Borrowers who received a borrower defense discharge don’t have to resume payments after the forbearance ends on December 31. Collections also won’t resume if they are in default. Borrowers who attended these schools don’t need to apply for the discharge.
The reminders — which are being emailed on Thursday — come as the government has completed 53,000, or 7%, of the 750,000 discharges so far.
“It will take the Department some time to process your discharge,” the letter to borrowers states. “Until the Department completes its work, your eligible loan(s)…will remain paused in forbearance/stopped collections, and we will not ask you to resume making payments. If your loan(s) are in default, we will not attempt to collect on the loan(s) being discharged.”
Borrowers also have 30 days to opt out of the debt discharge. Borrowers who made payments will be refunded by the loan servicer.

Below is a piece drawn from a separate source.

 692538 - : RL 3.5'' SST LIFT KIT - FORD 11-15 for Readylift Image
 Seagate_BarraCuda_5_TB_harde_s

However, if borrowers have student loan debt outside of these schools, repayment or collections will resume after January 1.
Borrowers can call ED’s borrower defense hotline at (855) 279-6207 if they have questions.
Many of the debt discharge announcements from the Education Department were related to the “closed school loan discharge” and “borrower loan defense discharge” programs.
Borrower defense applications surged after the Obama administration cracked down on predatory for-profit colleges in 2015 and created new regulations, but the mechanism for defrauded borrowers seeking debt relief broke down during the Trump administration under then Education Secretary Betsy DeVos.
Advocates sued the Biden-era Education Department over the slow-moving debt relief process for students who said they had been waiting years for debt relief under the borrower defense to repayment process.
“Since Day One, the Biden-Harris Administration has been working diligently to reinvigorate a borrower defense process after the past administration failed to approve a single set of new findings over their entire tenure,” Education Under Secretary James Kvaal said in a statement.
“In contrast, we’ve approved the most borrower defense claims of any administration, signing off on full relief for more than 1 million borrowers to receive a combined $14 billion in discharges, and ramped up our oversight by reestablishing the Office of Enforcement within FSA. The Biden-Harris Administration will continue to stand up for borrowers who've been cheated by their colleges and clear the backlog created by the previous administration to ensure borrowers receive the relief they deserve.”